Gani (2014: 37) menyatakan bahwa puisi merupakan salah satu bentuk karya kreatif yang penuh dengan makan dan nilai-nilai keindahan. Membaca atau membacakan puisi adalah suatu kegiatan menjiwai puisi untuk selanjutnya dibacakan sesuai dengan kriteria-kriteria yang telah ditentukan, agar pendengar juga dapat memahami isi puisi yang dibacakan. Membaca puisi tidak sekedar membaca puisi dengan begitu saja, seperti halnya membaca buku bacaan, cerpen, novel, atau majalah. Membaca puisi berarti mengerahkan segenap potensi dan kemampuan dalam memahami makna puisi dan mengekspresikannya dengann suara, ekspresi, dan gerakan yang sesuai dengan jiwa puisi tersebut. Pelafalan atau pengucapan, intonasi atau irama, mimik atau ekspresi, volume suara, kelancaran serta kecepatan, dan ketepatan gerakan dalam membaca merupakan beberapa indikator yang lekat dengan pembacaan puisi.

Membacakan puisi merupakan kegiatan membaca indah. Untuk itu pembaca harus memperhatikan empat hal utama: (1) lafal, (2) tekanan, (3) intonasi, dan (4) jeda (Kosasih, 2012: 120). Hal tersebut agar isi puisi itu dapat terekspresikan dengan jelas. Pendengar bisa memahami maksud penyairnya dengan baik. Berikut ini adalah penjelasan mengenai lafal, tekanan, intonasi, dan jeda.

1.    Lafal 
Lafal adalah cara seseorang atau sekelompok orang dalam suatu masyrakat bahasa dalam mengucapkan bunyi bunyi bahasa, anatara lain [a], [c], [f], [h], [u]. Pelafalan seseorang dalam berbahasa sering kali berbeda dengan orang lain.

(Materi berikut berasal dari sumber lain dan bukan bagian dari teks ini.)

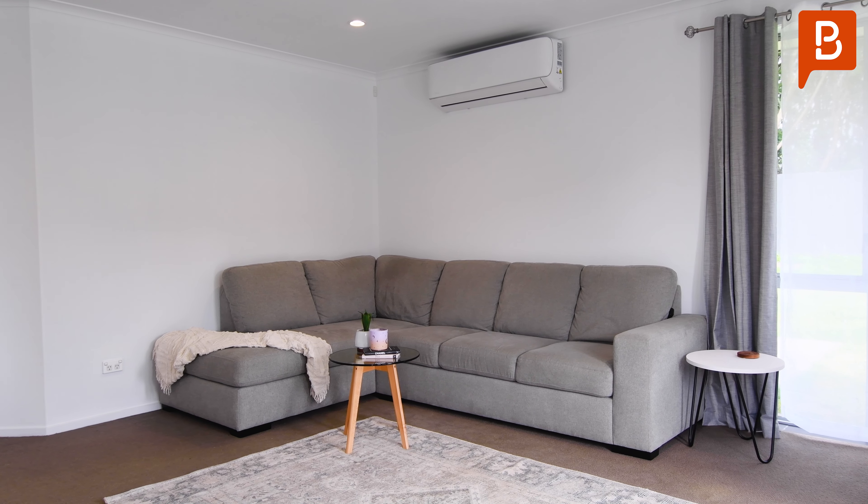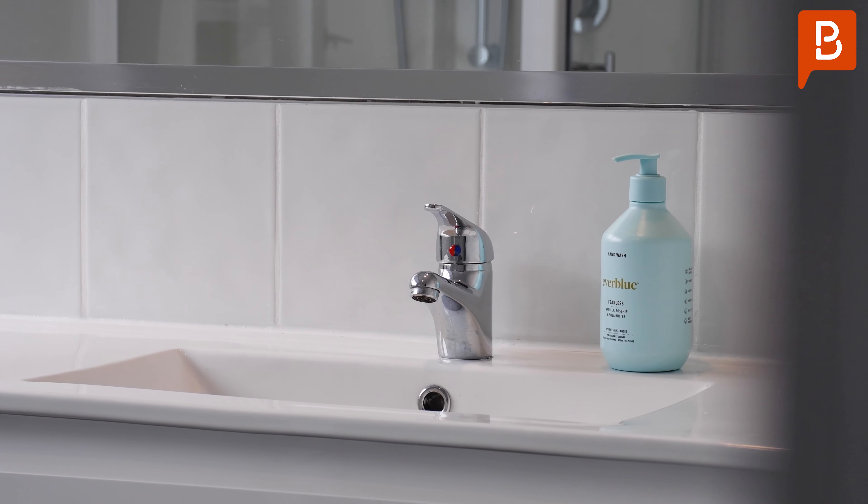One of the favourite features of this home is its orientation — it captures that fantastic afternoon sun. Freshly painted throughout, with a heat pump and new tiling in the bathrooms.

Berdasakan pelafalan itu pula, kita bisa mengetahui asal daerah seseorang karena memang beberapa kelompok masyarakat memiliki kelompok pelafalan yang khas. Meskipun demikian, terlepas darimana asal daerah, dalam melafalkan suatu bahasa haruslah jelas. Untuk melatih ketepatan dalam melafalkan bunyi bahasa, hal yang perlu dilakukan adalah melakukan olah vokal, misalnya dengan mengucapkan bunyi-bunyi vokal dan konsonan secara cepat dan bervariasi.

2.    Tekanan

Tekanan (nada) adalah keras lunaknya pengucapan suatu kata. Tekanan berfungsi untuk memberi nada khusus pada kata-kata tertentu. Kata yang ingin ditonjolkan pesannya, perlu dibacakan dengan keras dibandingkan dengan kata lainnya. Tinggi rendahnya tekanan dapat membedakan bagian kalimat yang satu dengan bagian lainnya yang tidak penting. Untuk kata yang perlu mendapat penekanan dalam bait puisi, terlebih kita perlu memahami maksud baitnya secara keseluruhan.

3.    Intonasi

Intonasi adalah naik turunnya lagu kalimat. Perbedaan intonasi dapat menghasilkan jenis kalimat yang berbeda, yakni kalimat berita, kalimat tanya, kalimat perintah, atau kalimat seru. Penggunaan intonasi dalam puisi sangatlah penting agar pembacaannya tidak monoton sehingga pendengar pun lebih tertarik. Intonasi juga berguna dalam memperjelas atau membedakan maksud/pesan dari setiap lariknya. Untuk itu, sebelum membacakan puisi, kita perlu menandainyab misalnya dengan berupa garis yang menanjak atau menurun. Dengan cara demikian, mudahlah dalam membedakan intonasi dari setiap lariknya ketika puisi itu dibacakan.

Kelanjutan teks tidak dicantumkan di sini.